You are confusing what I suggest for EXPOSURE CALIBRATION with gray balance. Two separate tools for two different tasks.
Gray Balance Reference:
Yes you need a known R=G=B target for setting custom WB and \"snapping\" color to neutral in Photoshop as a starting baseline. But there is no such thing as a \"128,128,128\" gray card. Seting custom WB off the card will result in R=B=G. That the actual eye dropper readings will wind up will depend on how you expose the shot containing the card with ISO/shutter/aperture of camera. That\'s exactly why the gray card is of limited use for calibrating your EXPOSURE meter TO YOUR CAMERA ISO.
Exposure Meter Compensation:
What you are \"calibrating\" is actually a compensation factor between you incident EXPOSURE meter\'s ISO setting per factory calibration at ISO 100 and what your camera\'s sensor sensitivity is when set at ISO 100.
If you can meter a scene containing a white object and the white object (and skintones) are perfectly exposed in your images VISUALLY and per detail and per Photoshop eye dropper readings then no compensation is needed. For example a white card in the scene when correctly exposued should have eyedropper readings of around 250 with only specular reflections off shiny objects at 255. Logicailly to see that distinction between 255 specular and 250 solid white you\'d want a white target that is both solid and specular, not a gray card.

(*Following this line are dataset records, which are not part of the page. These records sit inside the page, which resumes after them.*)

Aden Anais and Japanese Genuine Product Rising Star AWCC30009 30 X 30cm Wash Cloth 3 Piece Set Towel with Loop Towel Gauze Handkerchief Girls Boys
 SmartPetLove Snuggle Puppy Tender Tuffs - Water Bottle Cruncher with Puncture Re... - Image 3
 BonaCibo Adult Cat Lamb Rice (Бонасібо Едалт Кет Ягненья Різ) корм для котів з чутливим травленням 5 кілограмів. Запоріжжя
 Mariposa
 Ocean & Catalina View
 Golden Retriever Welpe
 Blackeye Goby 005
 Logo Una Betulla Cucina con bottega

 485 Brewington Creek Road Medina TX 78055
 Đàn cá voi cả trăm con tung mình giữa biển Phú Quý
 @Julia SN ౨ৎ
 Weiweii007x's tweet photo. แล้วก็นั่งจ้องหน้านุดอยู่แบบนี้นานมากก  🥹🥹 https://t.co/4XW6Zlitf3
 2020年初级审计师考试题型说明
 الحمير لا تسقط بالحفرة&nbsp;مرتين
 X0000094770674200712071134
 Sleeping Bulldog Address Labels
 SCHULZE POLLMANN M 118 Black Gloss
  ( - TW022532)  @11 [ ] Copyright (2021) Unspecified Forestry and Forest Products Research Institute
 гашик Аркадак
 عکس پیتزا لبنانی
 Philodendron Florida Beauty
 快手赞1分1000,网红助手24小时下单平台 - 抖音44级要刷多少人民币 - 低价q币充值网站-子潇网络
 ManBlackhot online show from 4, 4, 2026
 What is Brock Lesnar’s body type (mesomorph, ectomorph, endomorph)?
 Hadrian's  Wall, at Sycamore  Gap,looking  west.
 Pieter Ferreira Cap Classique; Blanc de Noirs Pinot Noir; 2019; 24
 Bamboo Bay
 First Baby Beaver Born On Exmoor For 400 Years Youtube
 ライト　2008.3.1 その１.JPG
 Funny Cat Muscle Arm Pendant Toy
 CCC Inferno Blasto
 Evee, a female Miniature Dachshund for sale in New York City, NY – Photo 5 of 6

If the EXPOSURE meter out of the box doesn\'t create a 250 value on a white card that tells you the meter ISO and actual camera sensitivity are not in sync. You can\'t adjust the camera sensitivity so you change the meter reading to match the cameara using the complensation factor or adjust the ISO speed of the meter (if it does not have a compensation feature) until the meter reading does accurately render the highlight values of solid white objects at 250.
If you try what I suggest it will become obvious why I suggest doing it that way.